First, the feds said they goofed and owed the state the money due to an accounting error. Now, they say they owe the money but that it might take an act of Congress to release the funds, creating a delay.
Haslam isn’t happy.
“We were really disappointed,” Haslam said. “They had told us. They said, ‘We owe you that money.’ There was no question about that.
“The question was how they were going to refund it to us, and now they said, ‘Well, we do owe it to you, but we can’t pay it back to you without some specific legislation,’ which doesn’t seem right to me.”
The Haslam administration originally had planned for an 8.5 percent reduction for certain providers in TennCare in the state budget. But while a 4.25 percent reduction was put in place beginning this July 1, the rest was postponed to Jan. 1, 2012, since the state expected the funds to come from Washington. Paired with better-than-expected revenues at the time, the state was able to dodge a financial bullet when it amended the original budget plan this year.
But now, with the delay, the other 4.25 percent in cuts will apparently be applied. Haslam referred twice to the amount Monday as about “4 and a half percent,” but an aide pointed out it is the 4.25 percent.
“It’s just wrong that they say, ‘We owe that to you, but we can’t pay you ‘till we pass new legislation,'” Haslam said.
Further, Haslam isn’t confident the state will get its money.
“I’m really not. I wish I was,” he said. “What they had told us last spring was, ‘Definitely we owe it to you. We’ll figure out a way to get that money to you.’ And then the message came back last week, ‘Well, actually, we don’t think we can get it to you without specific legislation.’
“And I think in today’s Washington, specific legislation to send money away out of the federal government to us, even though it’s owed to us, I think will be difficult.”
TennCare officials announced last week they believed it is “highly improbable” the legislation could be introduced and passed in Congress by Jan. 1. So the cuts, which would affect nursing homes, managed care administrative rates, transportation providers, lab and X-ray providers, dentists and home health providers, are expected.
Haslam was asked if the state had any recourse.
“I don’t know that. That’s a really good question.

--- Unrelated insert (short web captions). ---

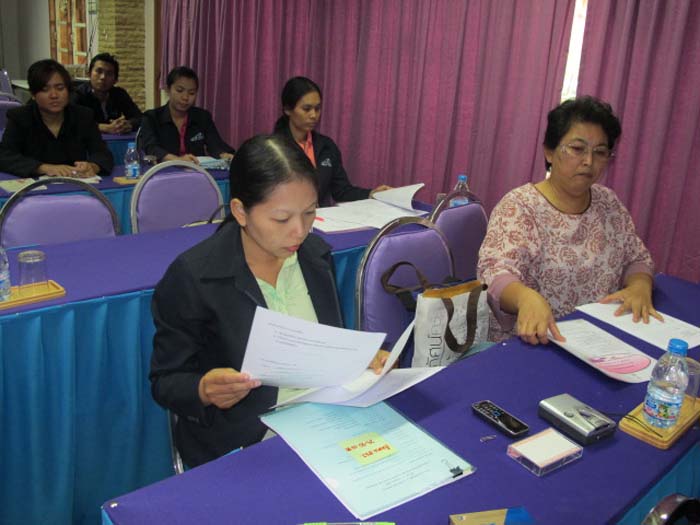 สัมมนาบุคลากรสำนักงานเลขานุการคณะศึกษาศาสตร์ ปี 2555 ภาพที่ 16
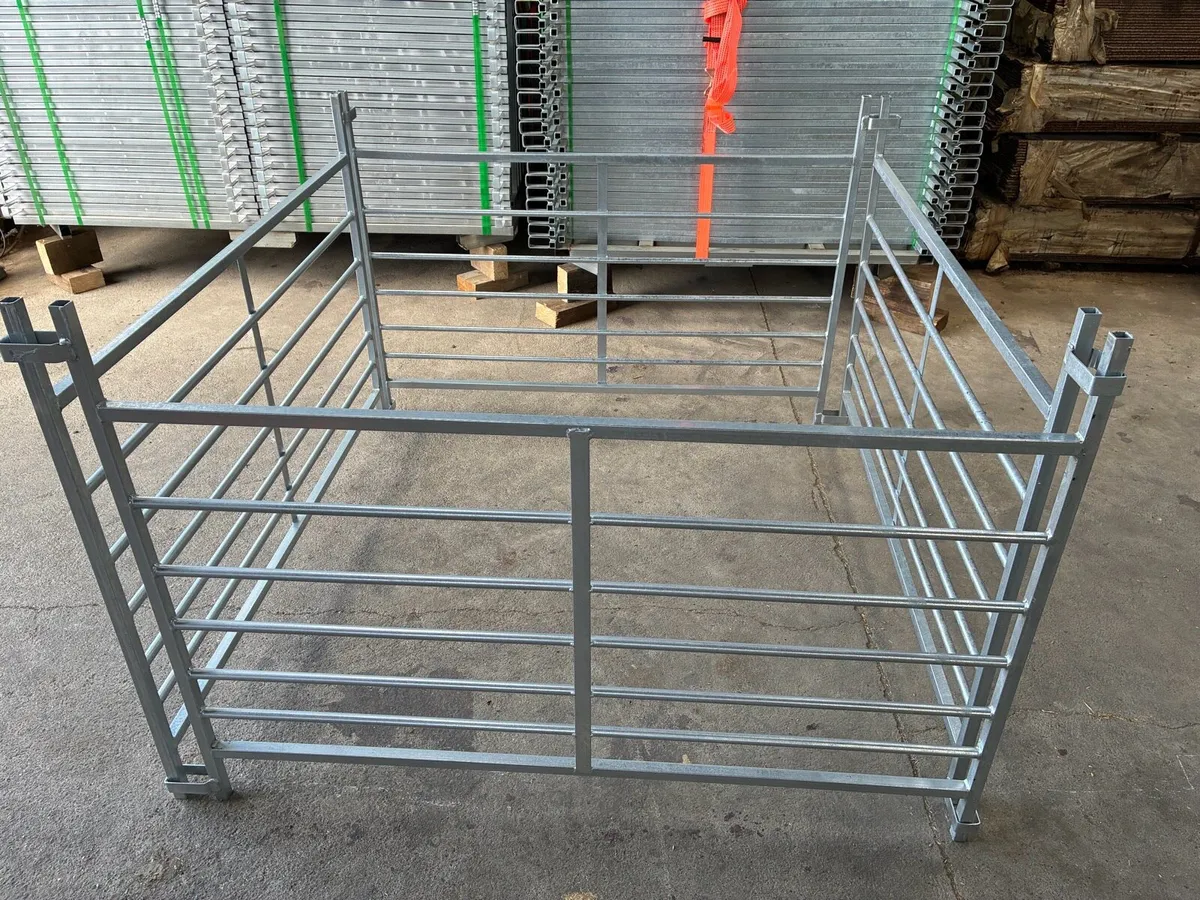 5 ft Galv Sheep/Calf Gates - Image 1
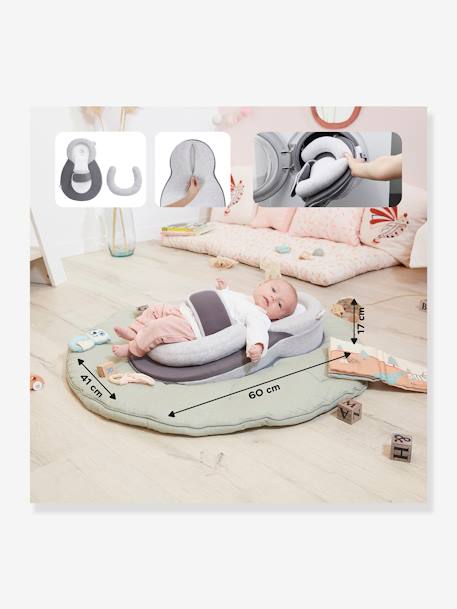 Cosydream+ Crib Wedge by BABYMOOV Light Grey 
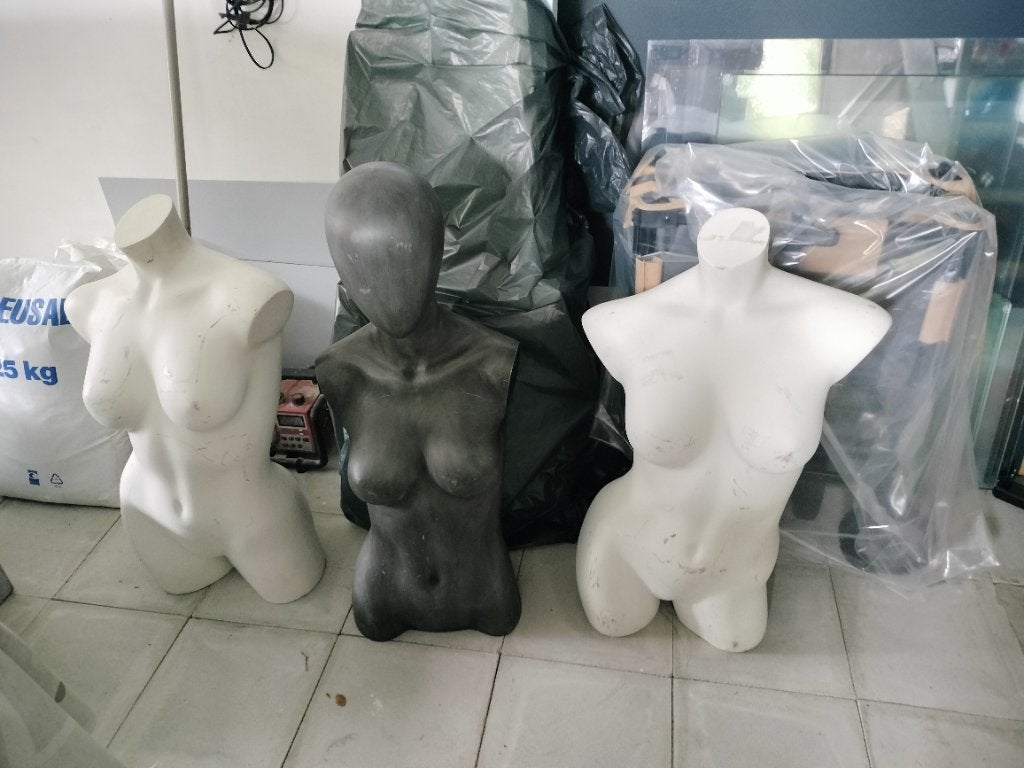 Paspoppen, Enlèvement, Utilisé, Mannequin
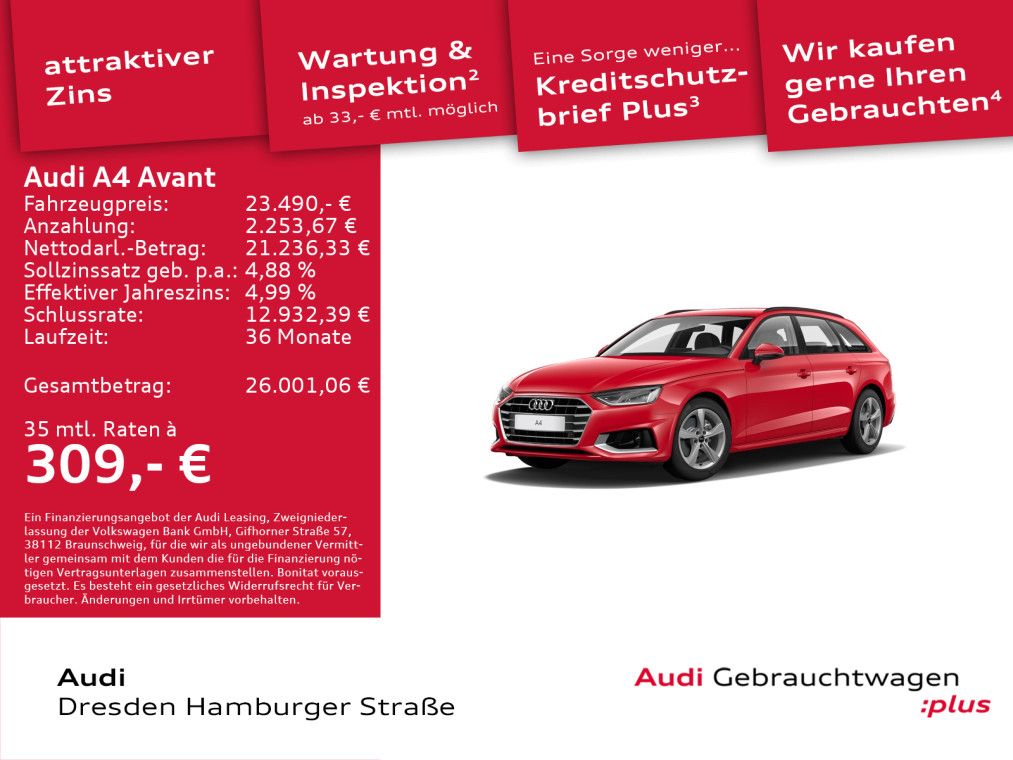 Audi A4 2022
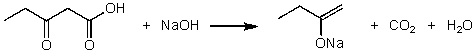  For the following acid/base reaction which statement is true taking  \Delta S into consideration?   A)   \Delta G is negative and  \Delta S is approximately zero  B)   \Delta G is negative and  \Delta S is negative  C)   \Delta G is positive and  \Delta S is positive  D)   \Delta G is negative and  \Delta S is positive  E)  None of these choices.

We don’t know that we do,” he said.
The funds are caught in a mix-up involving two federal programs, Medicaid and Medicare. Over 35 years, about 300,000 people applying for disability payments were involved. Federal officials had mistakenly considered the applicants under Medicaid when they should have been covered by Medicare. States have to pay for a share of Medicaid coverage while Medicare is covered by the federal government. TennCare is Tennessee’s version of Medicaid.
But while the state grapples with the federal government, a group tasked with coming up with a plan to improve Tennesseans’ health had its first meeting Monday.

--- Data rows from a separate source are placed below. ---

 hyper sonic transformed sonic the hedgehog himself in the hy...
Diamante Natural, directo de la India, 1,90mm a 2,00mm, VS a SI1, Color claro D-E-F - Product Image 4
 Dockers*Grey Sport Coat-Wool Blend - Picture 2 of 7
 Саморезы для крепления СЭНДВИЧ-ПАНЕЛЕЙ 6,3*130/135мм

Haslam welcomed his health and wellness task force to Conservation Hall at the Tennessee Residence and formally issued a release announcing the 16 members, who are health care leaders from across the state.

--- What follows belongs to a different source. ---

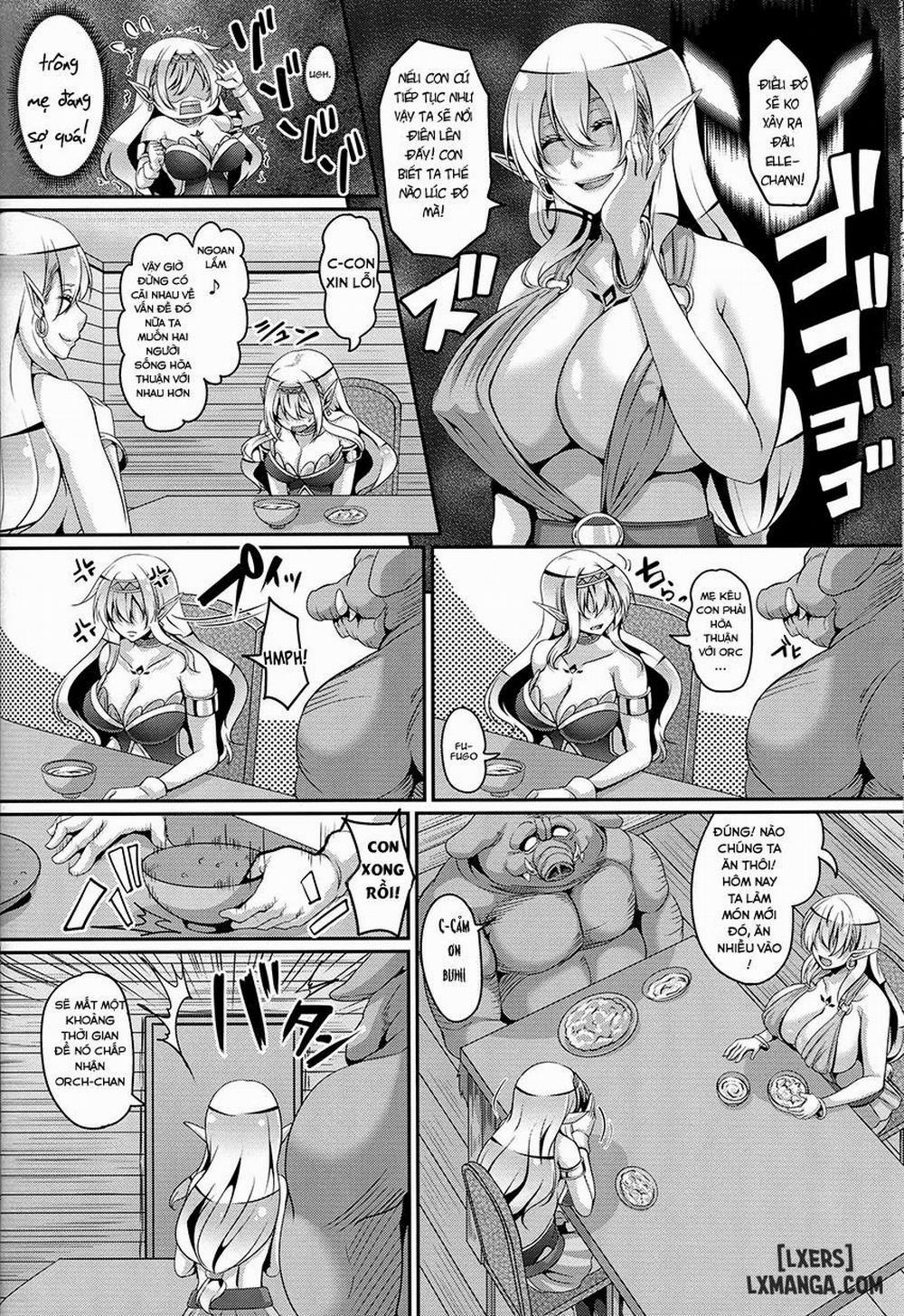 Inran Elf Oyako to Orc Oneshot trang 14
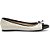 Sapatilha Anacapri Matelassê Bicolor Off White Feminino - Imagem 1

The governor made the case that health is related to education and economic development, and the state has a lousy record on health and wellness in national rankings.
“We have to face facts,” Haslam said. “In Tennessee, we rank 42nd in terms of health and well-being. Some of those are preventable, addressable issues.
“We’ve brought together, I think, some of the finest people from across the state who work on this every day, from different aspects, to see if we can address this.”
Haslam said he wanted a clear strategy that has “measurable outcomes” from the group. He noted that about one-third of the state budget goes to health care costs.
“When we bring back up this budget next year you’ll see again how much involvement we have in health care,” he said.
The task force is chaired by Dr. John Lacey III, chief medical officer for the University of Tennessee. Haslam said he would like to see an outline of a plan from the group in the first half of 2012.
Haslam did say the state has made some recent progress but that the state is still in the 40s when ranked nationally. In a slideshow presentation, Ben Leedle Jr., CEO of Healthways, headquartered in Franklin, said the state had climbed from the ranking of 42nd in 2009 that Haslam mentioned to 40th in 2010.
“To your point, we’re making progress,” Leedle said. “But I want to point out something really important in this data.
“The mid-year 2011 well-being data shows Tennessee has slipped from 40th to 45th. Anybody see what’s probably driving that? Look at the ‘healthy behavior’ line. Dead last in the U.S.”